Writing is a means of communication. It pulls together thinking, analyzing and learning, so the presenter talked about different ways teachers can use to improve student writing and communication skills.
Why Write?
Sometimes we write to demonstrate learning, to integrate new learning, to encourage verbalization, or to manage a large project.
Writing could also be used as a feedback on learning and ownership of ideas.
Formal or Informal Writing?
There are different ways of writing ranges from exploratory, questioning, tentative to polished, published and delivered.
All ways help the teacher know about the level of his students and where they really are.
A lesson from WAC (Writing Across the Curriculum)
It helps the students to be good learners, so writing is sometimes used to promote learning.
Communicating and Thinking
Communicators need a context- it could be a sense of purpose, audience, genre or a sense of how it will be evaluated.
Writing offers the chance to own information and understand things in a better way.
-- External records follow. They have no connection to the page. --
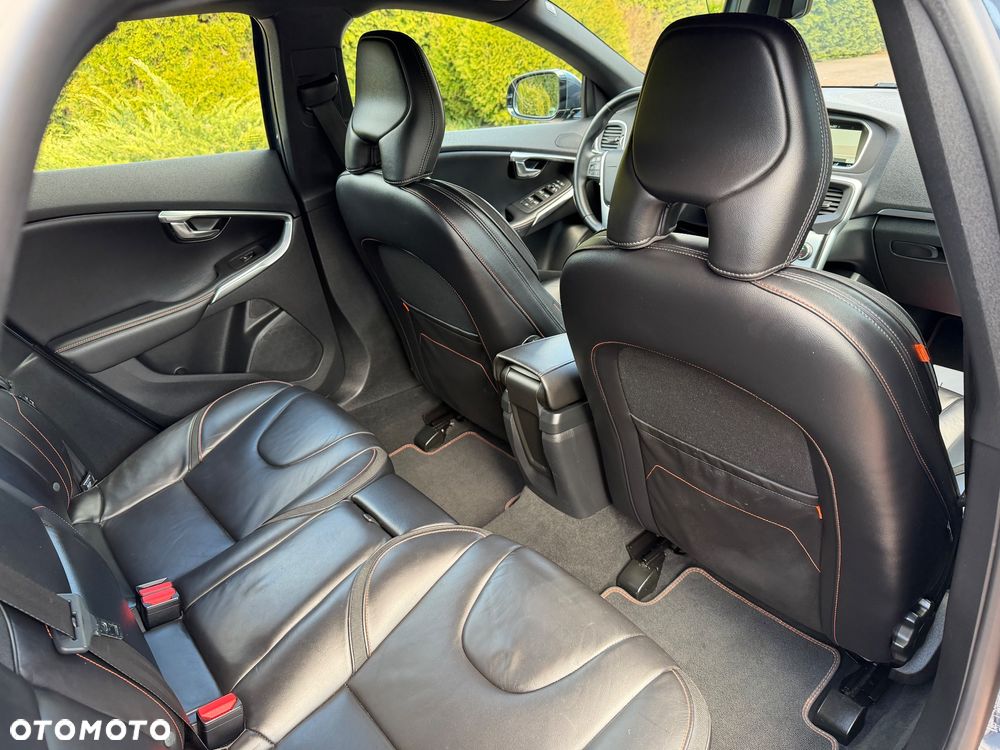 Volvo V40 D2 Ocean Race - 15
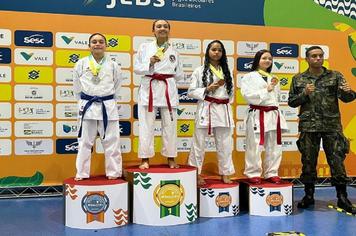 Karateca Maria Clara é prata nos Jogos escolares Brasileiros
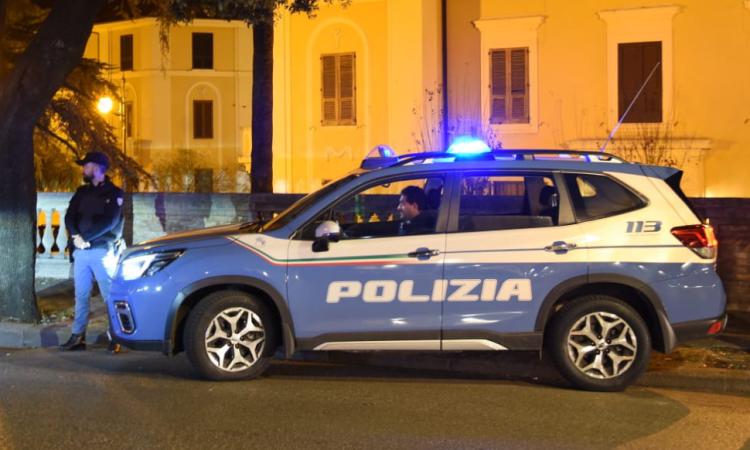 Civitanova, non si ferma all’alt e scappa per chilometri: 24enne arrestato dopo inseguimento e tuffo in mare Civitanova, non si ferma all’alt e scappa per chilometri: 24enne arrestato dopo inseguimento e tuffo in mare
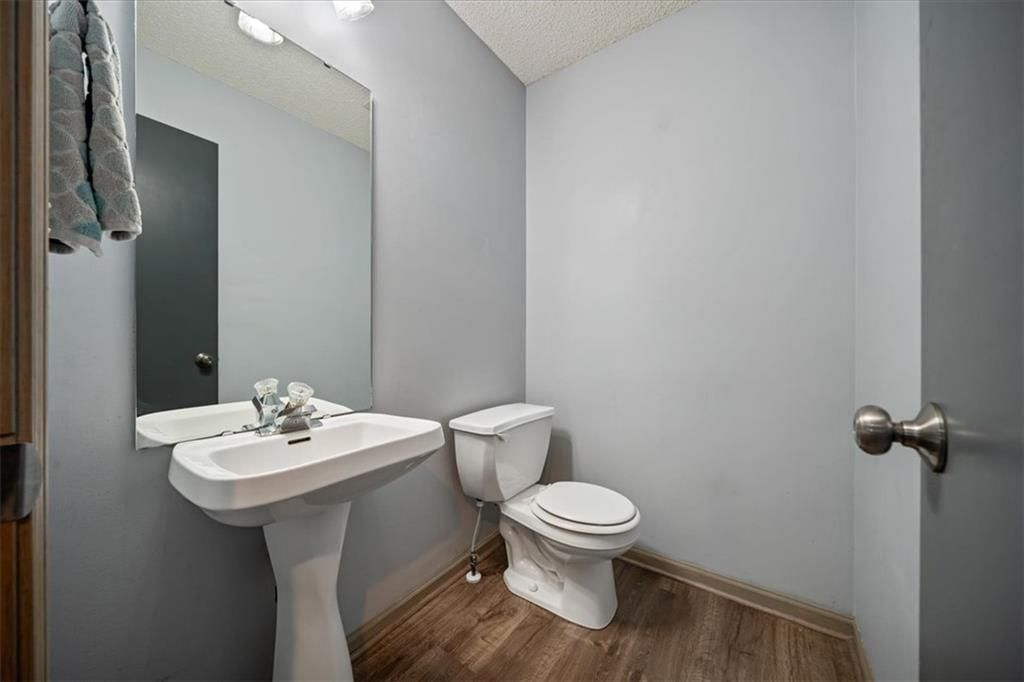 Photo 14 of 42 - 416 N Hickory Street, Gardner, KS 66030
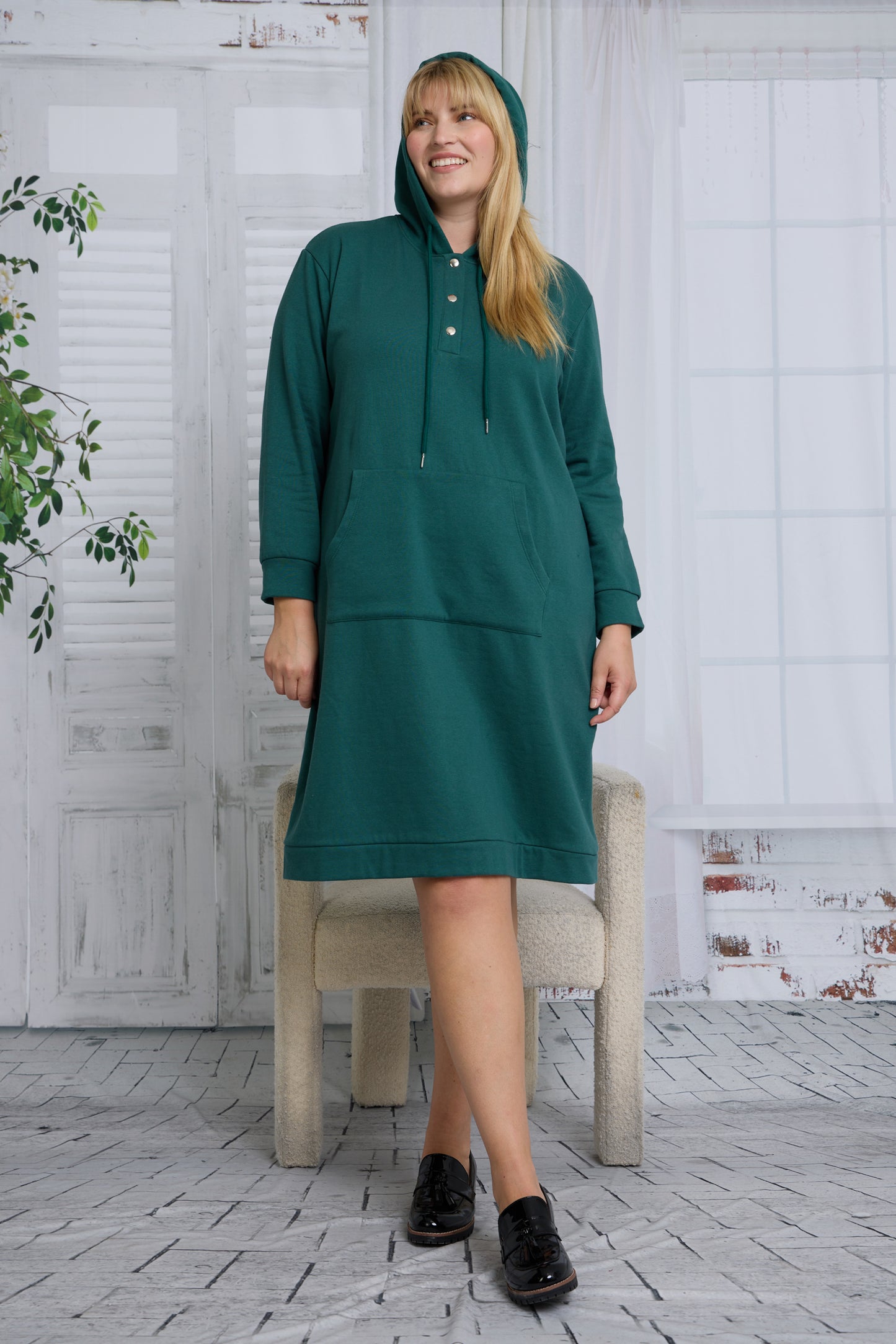 SARA HOODIE DRESS PLUS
Writing is thinking and discovery.
College students are most engaged with courses that assign writing because it is the one skill they want to improve as often as any other skill.
What kinds of writing (GENRES)?
Letters, short stories, essays, biographies, memos, reports, forms, charts ...etc.
What kinds of Speaking?
Expert interviews, rehearsals, progress reports, team discussions........etc.
What makes a good assignment?
It should relate to course goals, define clear situations and set standards for communication.
How do we integrate communication?
By reflective writing, using technology, modeling, clustering, etc.
Attendees’ comments:
The workshop was interesting. The teachers liked the idea of using modern technology with modern methodology and they also liked the interacting through writing in the chat.
For some teachers, the workshop fell short of their expectations. They hoped they would learn specific new techniques to guide their students to better writing.